İnsanlar kolay kolay delirmez. Ölümü öyle her insan hayal etmez. Bazıları anlamsız bir hayat için savaşır. Bazıları ise o hayattan kurtulur. Ya da öyle şanslılar vardır ki bulunduğu bu hayatı sever. Maalesef ki ben o şanslılardan değildim. Kimdim peki? Tüm hayatımı yeniden düzenleyen, kendime sahte bir soyisim koyup asıl olduğum hayattan kaçan birisiydim ben. Asıl hayatım, yani çocukluğum ise peşimi bırakmıyordu. Psikolojik destek almıştım. Sonucu ise daha beterdi. Çocukluğumun geri gelmesi için dua eder olmuştum. Çünkü o gidince Yiğit gelmişti. Kendi öldürdüğüm, herşeyim olan o bana bağırınca olmuyordu. Kendimi direk ölüme atıyordum. Bağırmıştı bir keresinde.

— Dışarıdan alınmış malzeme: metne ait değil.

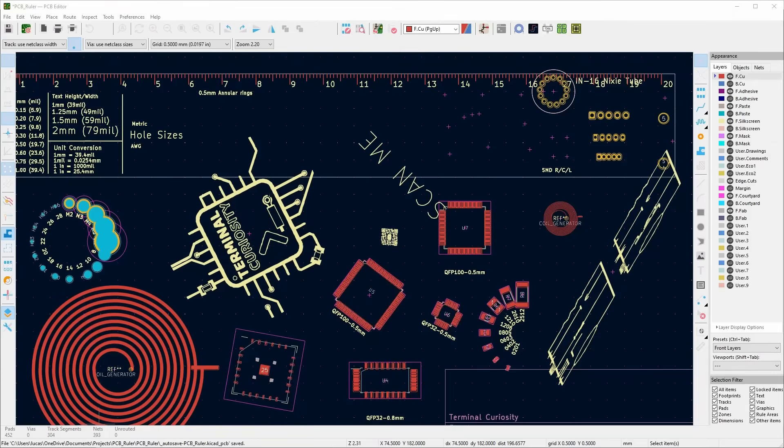So that's my top seven KiCad extensions and plugins to make life easy. If this video was useful to you, hit the like button and consider subscribing if you want to see more useful tips in the future and project builds.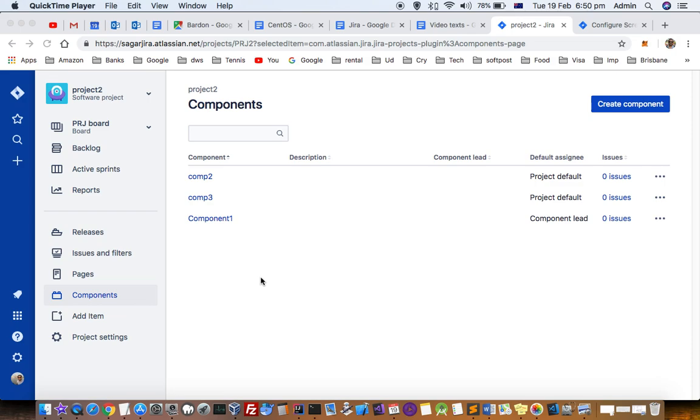This video explains how you can add tickets into the sprint. For that, go to the Jira interface and select the desired project.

"Hiç mi sevmedin de beni öldürdün?"

Çok yakmıştı o cümle canımı. Bu yüzden aslında çocukluğumdan şikayetçi değildim. O güçlü olan tarafımdı. Beni öldürmek istese bile evet. O güçlü taraftı. Sadece anlamsız bir hayat için savaşmak istemiyor, kardeşinin yanına gitmek istiyordu. Bunu ise intikamını almış bir şeklide yapmak istiyordu. Ayrıca beni koruduğunu da bilirdim. Bir dönem çok kötü bir haldeydim. O zamanlar neredeyse her gün yanımdaydı. Yine o gün ise bir gurup tarafından öldürülecektim. Çocukluğuma göre ise beni yalnızca kendisi öldürebilirdi. Beni ordan çıkaran o olmuştu. Bazen bedenime hükmeden oydu. Delirdiğimi biliyordum. Ama dediğim gibi şikayetçi değildim. Beni öldüren o olsun istiyordum ki, Yiğit beni bir ihtimal olsa da affetsin. Kendim ise yaşamak istiyordum. Bir umudum vardı. Belki yine yaşam sevincini bulmak. Sırf o ihtimal için her gece başımı yastığa koyduğumda derdim ki, belki yarın güzel bir şey olacak. Olmazdı ama. Bugün de olduğu gibi.

...

Bir tık sesi geldi elimde ki silahtan. Çocukluğum küfrederken herkes derin bir nefes verdi. Ben ise durmadım. Elim direk şarjörü buldu. Mermi olmayan silah bir halta yaramaycaktı. İçinde illaki olmalıydı.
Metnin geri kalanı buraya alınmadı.